Does anyone have fish they hand feed? 

I have a betta who likes to be hand fed. He actually prefers it as he only picks at his food if I just put it in the tank. I really like it - makes him seem more like a pet.


----------



## Amphitrite (Sep 8, 2006)

I hand feed my severums, and also my rams when I had them. I love doing it, despite the occasional bite. :lol: The sevs will actually let me stroke their sides now.


----------



## Falina (Feb 25, 2007)

That would be great - I'm so jealous! Hannibal (the said betta) draws the line at letting me touch him. I always thought it was just knife fish and eels that could be hand fed but it seems not! 

Really interesting to find out what kind of "relationship" people have with their fish as well. Some have them just to have a pretty looking aquarium, but others, like me and you obviously, like to try and interact with them which isn't required obviosly, but I think is really nice.


----------



## jones57742 (Oct 31, 2006)

My large black angel enjoys being petted.

TR


----------



## Falina (Feb 25, 2007)

jones57742 said:


> My large black angel enjoys being petted.
> 
> TR


That must be lovely!


----------



## xxthrwitdwnxx (Apr 23, 2007)

how do u hand feed


----------



## lioness501 (Jan 9, 2007)

nearly all ,my fish hand feed, even the puffers. my goldfish and balloons like a stroke! and my bala shark too, hes very friendly.


----------



## Falina (Feb 25, 2007)

xxthrwitdwnxx said:


> how do u hand feed


Depends what food you're feeding really but if it's flakes, then just hold a flake under the water, near the surface, my betta's favourite is brine shrimp. I buy frozen, which is near impossible to hand feed, and the wee tubes that come in a jelly. I just hold the tube and squeeze a wee bit out, but not enough that it breaks off, and then he comes up to the top and "bites" a bit off.  I really recommend you try it. Your fish might not be interested for a while, but if they learn to do it, I think it's lovely.


----------



## drag (Apr 25, 2007)

How sweet! My betta would kill for some frozen mosquito larva I give him as a treat, I'll try to hand feed him some later and see how he does.

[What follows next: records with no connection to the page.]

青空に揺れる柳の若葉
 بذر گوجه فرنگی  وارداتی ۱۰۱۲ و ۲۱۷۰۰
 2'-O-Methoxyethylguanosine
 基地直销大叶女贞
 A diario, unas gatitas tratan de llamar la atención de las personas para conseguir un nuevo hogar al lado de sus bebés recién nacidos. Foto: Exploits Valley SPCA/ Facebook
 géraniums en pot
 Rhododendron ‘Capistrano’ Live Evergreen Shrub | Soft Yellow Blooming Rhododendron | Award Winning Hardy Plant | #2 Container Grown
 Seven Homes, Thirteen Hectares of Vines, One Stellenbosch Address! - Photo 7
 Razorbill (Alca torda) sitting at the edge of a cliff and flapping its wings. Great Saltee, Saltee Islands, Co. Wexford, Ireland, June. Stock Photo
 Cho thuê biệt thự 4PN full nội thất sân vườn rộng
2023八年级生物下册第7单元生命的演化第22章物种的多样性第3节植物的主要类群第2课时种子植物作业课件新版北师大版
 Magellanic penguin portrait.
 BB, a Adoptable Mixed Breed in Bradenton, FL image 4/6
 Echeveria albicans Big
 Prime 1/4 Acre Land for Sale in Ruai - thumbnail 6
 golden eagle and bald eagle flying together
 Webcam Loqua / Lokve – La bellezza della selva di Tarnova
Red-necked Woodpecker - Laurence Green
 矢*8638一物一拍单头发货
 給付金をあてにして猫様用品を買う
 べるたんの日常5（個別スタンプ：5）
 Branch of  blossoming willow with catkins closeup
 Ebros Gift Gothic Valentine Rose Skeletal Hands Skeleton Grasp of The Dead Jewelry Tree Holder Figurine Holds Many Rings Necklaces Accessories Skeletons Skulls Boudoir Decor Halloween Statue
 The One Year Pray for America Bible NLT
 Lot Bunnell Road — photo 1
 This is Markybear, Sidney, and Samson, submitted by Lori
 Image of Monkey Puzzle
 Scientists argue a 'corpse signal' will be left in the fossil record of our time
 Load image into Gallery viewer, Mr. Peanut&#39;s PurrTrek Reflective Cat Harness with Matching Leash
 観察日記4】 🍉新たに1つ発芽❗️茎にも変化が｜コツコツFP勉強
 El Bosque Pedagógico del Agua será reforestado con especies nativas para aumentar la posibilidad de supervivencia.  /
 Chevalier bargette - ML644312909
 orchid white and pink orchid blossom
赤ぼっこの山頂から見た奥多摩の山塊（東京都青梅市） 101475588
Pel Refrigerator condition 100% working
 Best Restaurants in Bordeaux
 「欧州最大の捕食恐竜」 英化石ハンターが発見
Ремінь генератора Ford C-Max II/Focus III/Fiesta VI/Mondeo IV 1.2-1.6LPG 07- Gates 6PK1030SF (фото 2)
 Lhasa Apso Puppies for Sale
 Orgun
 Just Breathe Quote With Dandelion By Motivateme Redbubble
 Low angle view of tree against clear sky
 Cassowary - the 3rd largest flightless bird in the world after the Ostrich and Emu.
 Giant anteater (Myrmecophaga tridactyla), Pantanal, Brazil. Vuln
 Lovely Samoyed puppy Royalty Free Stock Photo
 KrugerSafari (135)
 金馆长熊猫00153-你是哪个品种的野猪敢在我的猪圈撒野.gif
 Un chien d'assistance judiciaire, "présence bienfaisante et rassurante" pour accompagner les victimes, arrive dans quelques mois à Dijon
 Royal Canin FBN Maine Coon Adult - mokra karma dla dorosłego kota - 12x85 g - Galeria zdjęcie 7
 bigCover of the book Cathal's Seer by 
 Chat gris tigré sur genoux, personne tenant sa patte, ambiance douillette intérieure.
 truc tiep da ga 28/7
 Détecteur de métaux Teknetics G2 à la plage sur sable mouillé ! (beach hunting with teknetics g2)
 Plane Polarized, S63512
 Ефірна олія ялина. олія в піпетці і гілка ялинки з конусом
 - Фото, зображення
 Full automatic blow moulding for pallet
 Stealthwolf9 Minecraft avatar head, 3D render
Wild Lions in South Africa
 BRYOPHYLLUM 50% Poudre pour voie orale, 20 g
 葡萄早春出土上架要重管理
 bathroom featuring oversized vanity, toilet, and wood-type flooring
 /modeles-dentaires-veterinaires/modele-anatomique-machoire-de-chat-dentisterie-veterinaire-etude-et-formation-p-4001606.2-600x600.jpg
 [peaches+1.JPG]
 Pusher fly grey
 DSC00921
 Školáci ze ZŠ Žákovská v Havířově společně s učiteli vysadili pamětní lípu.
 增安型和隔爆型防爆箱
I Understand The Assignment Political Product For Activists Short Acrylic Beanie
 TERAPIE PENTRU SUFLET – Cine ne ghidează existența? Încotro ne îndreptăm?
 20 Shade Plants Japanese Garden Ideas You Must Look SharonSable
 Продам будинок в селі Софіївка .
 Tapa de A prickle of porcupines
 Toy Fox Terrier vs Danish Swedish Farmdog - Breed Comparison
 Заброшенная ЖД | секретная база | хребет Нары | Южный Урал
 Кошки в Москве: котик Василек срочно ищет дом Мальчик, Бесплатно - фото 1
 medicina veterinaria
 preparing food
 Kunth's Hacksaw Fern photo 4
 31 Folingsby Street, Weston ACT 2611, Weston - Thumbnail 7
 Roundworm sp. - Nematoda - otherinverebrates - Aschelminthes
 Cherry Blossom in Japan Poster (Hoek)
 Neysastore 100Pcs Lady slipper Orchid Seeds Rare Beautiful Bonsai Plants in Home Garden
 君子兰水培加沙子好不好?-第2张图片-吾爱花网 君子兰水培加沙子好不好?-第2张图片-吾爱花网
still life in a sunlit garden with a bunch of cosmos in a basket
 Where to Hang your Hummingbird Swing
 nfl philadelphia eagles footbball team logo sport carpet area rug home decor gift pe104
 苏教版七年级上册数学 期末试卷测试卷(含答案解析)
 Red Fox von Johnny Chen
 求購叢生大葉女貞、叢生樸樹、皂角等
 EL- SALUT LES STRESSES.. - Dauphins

He likes to brush up against my hand whenever I'm moving things around his tank so I don't think he'll have a problem.

(*laugh* What is it WITH my pets? I have a cat that thinks she's human, a cat that thinks she's a dog, a dog that SHE's a cat, and now a betta dog, hmmm... or maybe cat, has the same curiosity.)


----------



## tophat665 (Sep 30, 2006)

My weatherfish will eat freeze dried tubifex out of my hands. Freaks out all the other fish in the tank, though.


----------



## Daz (Sep 20, 2006)

I would hand feed, but I would need some form of armour. I used to do it with the Sevs, now it's a case of finding the time. :roll:


----------



## willow (Sep 9, 2006)

hi
hand feed lol,is right.
i put my hand in,and they try to eat it.  
lucky they don't have teeth.
mine will go for a frozen block of either blood worm(yuck)
or anything else i wish to feed them.


----------



## daisycutter (Jan 4, 2007)

not quite handfeeding but all my fish take bloodworm,glassworm etc from the end of a pipette especily my puffers they almost suck them out of the end


----------



## Falina (Feb 25, 2007)

daisycutter said:


> not quite handfeeding but all my fish take bloodworm,glassworm etc from the end of a pipette especily my puffers they almost suck them out of the end


That's nice! I have a tank ready for set-up which will be used for dwarf puffers, I'll definitely try that with them!


----------



## Lupin (Aug 2, 2006)

The only fish I can handfeed are discus and true SAEs.:roll: The arowana needs to be tongs-feed. I was bitten several times already. 'Twas painful.:sob:


----------